### [Work request]
Omit the pictures, please, and give each record below again exactly.

### [Provided data]
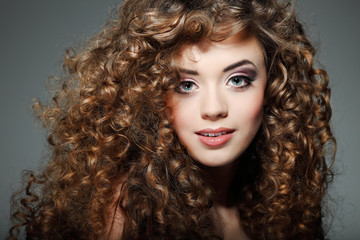 Fototapeta premium Young beautiful woman with long curly hairs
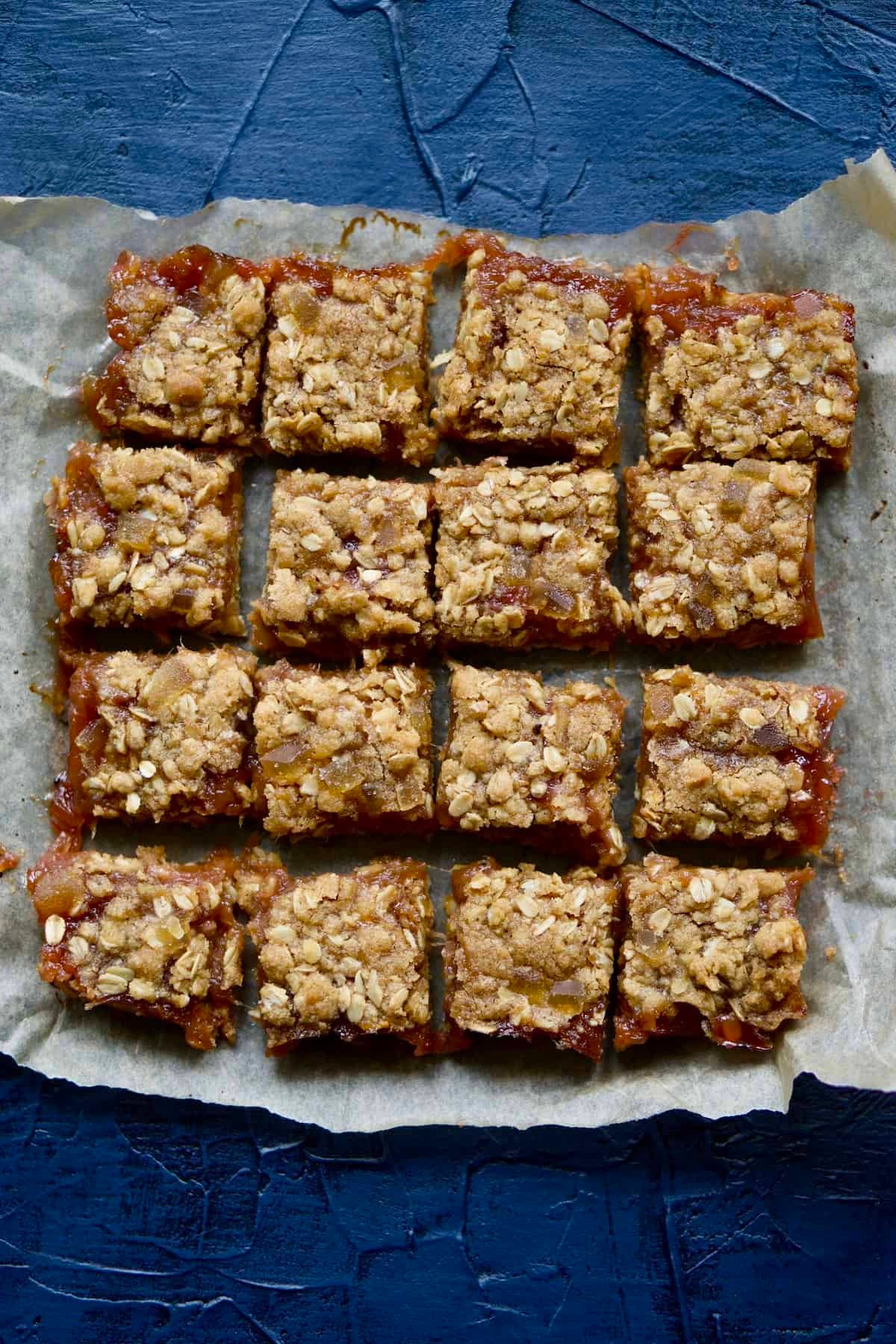 rhubarb ginger crumble bars on a rustic wooden surface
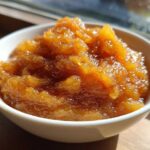Close-up of chunky, spiced homemade applesauce in a small white bowl, glistening in the sunlight.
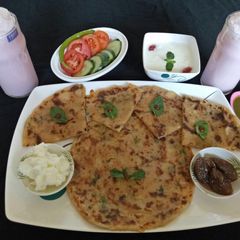 A picture of Aloo parantha with curd and rose sweet lassi.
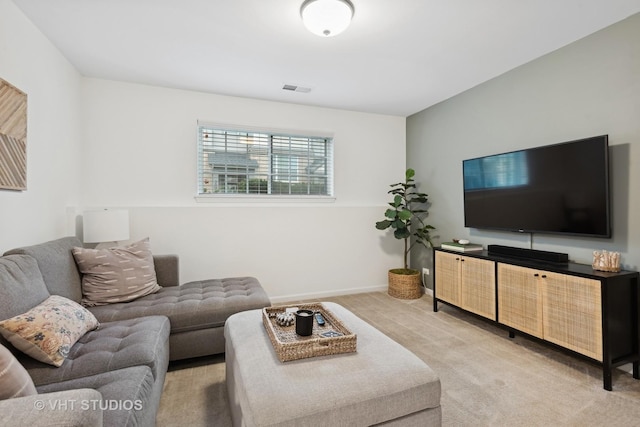 living room featuring baseboards, visible vents, and light colored carpet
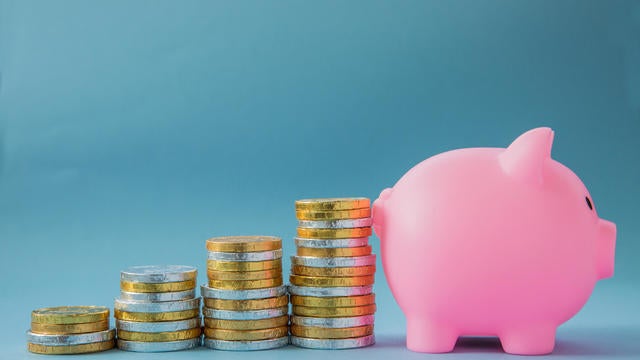 Children savings concept with stacks of gold and silver coins in an upward growth profit graph leading towards a pink, kids Piggy bank 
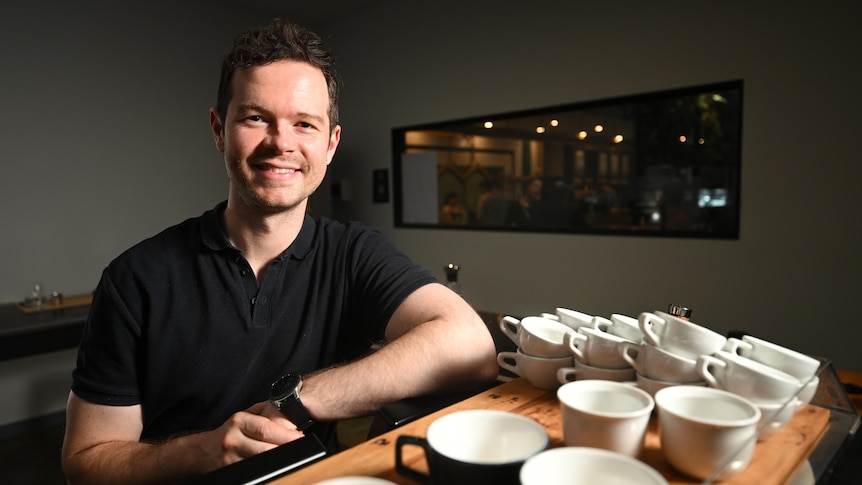 barista anthony douglas smiles and leans on a coffee machine with coffee cups stacked on it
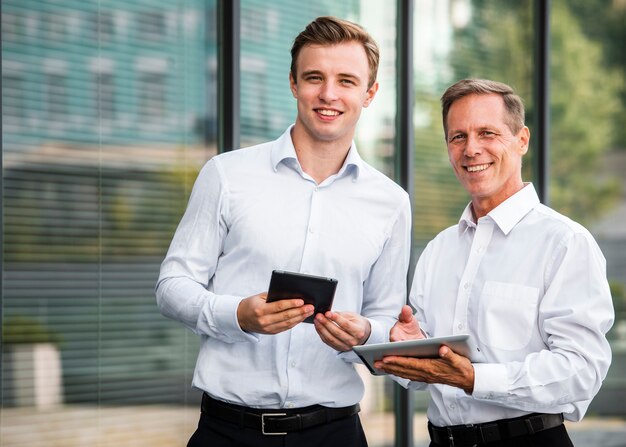 Businessmen with tablets looking at camera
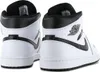 A pair of white and black Nike Air Jordan sneakers shown from the back. Anteprima dell’immagine prodotto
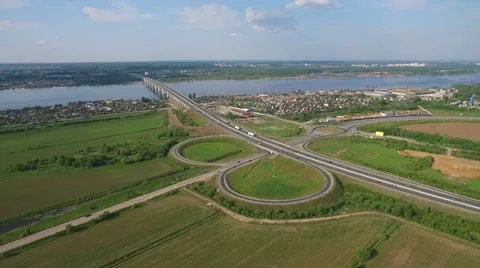 Road junction, bridge over  river  aerial view Stock-Footage 66249992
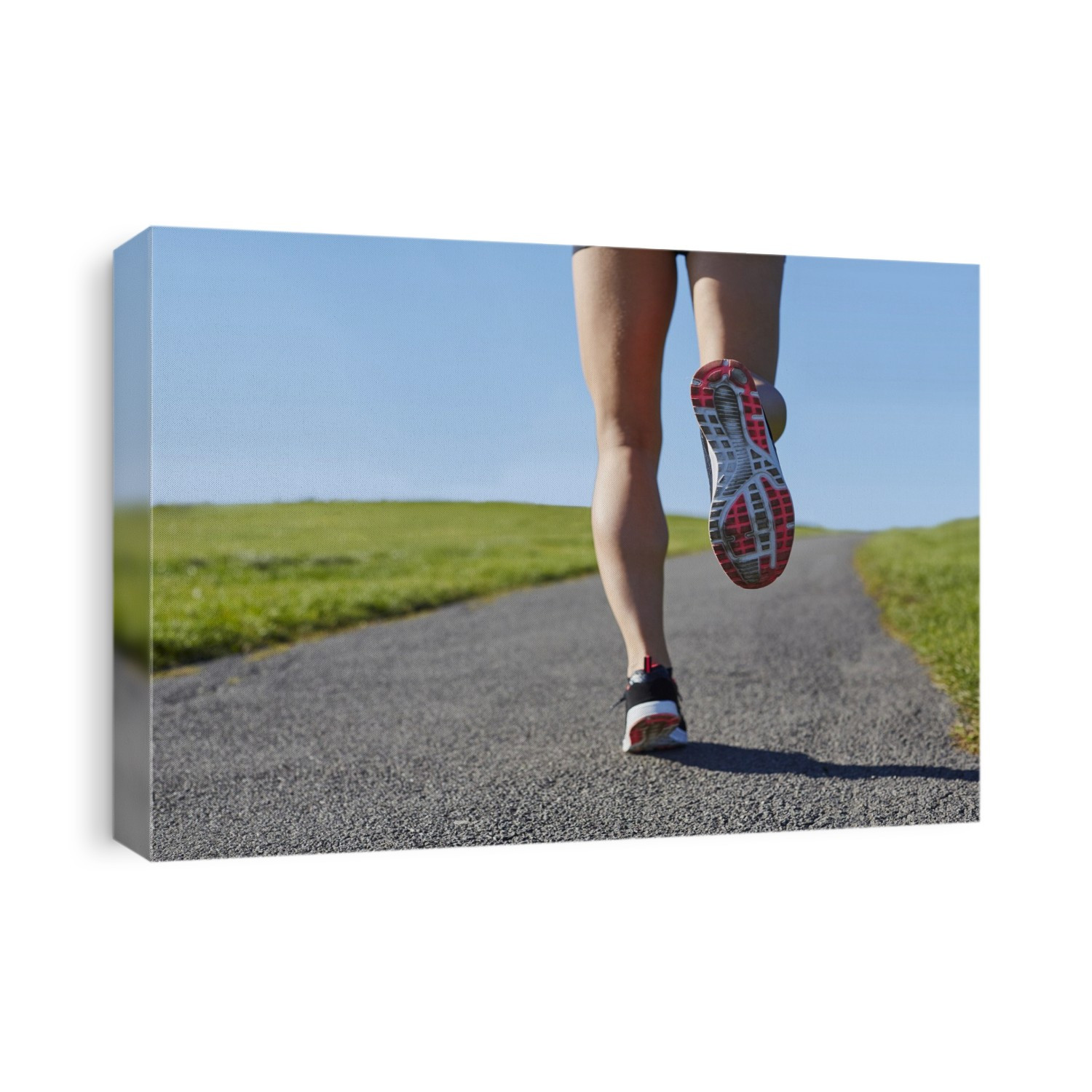 Woman jogging on a path.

### [Written response]
 Fototapeta premium Young beautiful woman with long curly hairs
 rhubarb ginger crumble bars on a rustic wooden surface
Close-up of chunky, spiced homemade applesauce in a small white bowl, glistening in the sunlight.
 A picture of Aloo parantha with curd and rose sweet lassi.
 living room featuring baseboards, visible vents, and light colored carpet
 Children savings concept with stacks of gold and silver coins in an upward growth profit graph leading towards a pink, kids Piggy bank 
 barista anthony douglas smiles and leans on a coffee machine with coffee cups stacked on it
 Businessmen with tablets looking at camera
 A pair of white and black Nike Air Jordan sneakers shown from the back. Anteprima dell’immagine prodotto
 Road junction, bridge over  river  aerial view Stock-Footage 66249992
 Woman jogging on a path.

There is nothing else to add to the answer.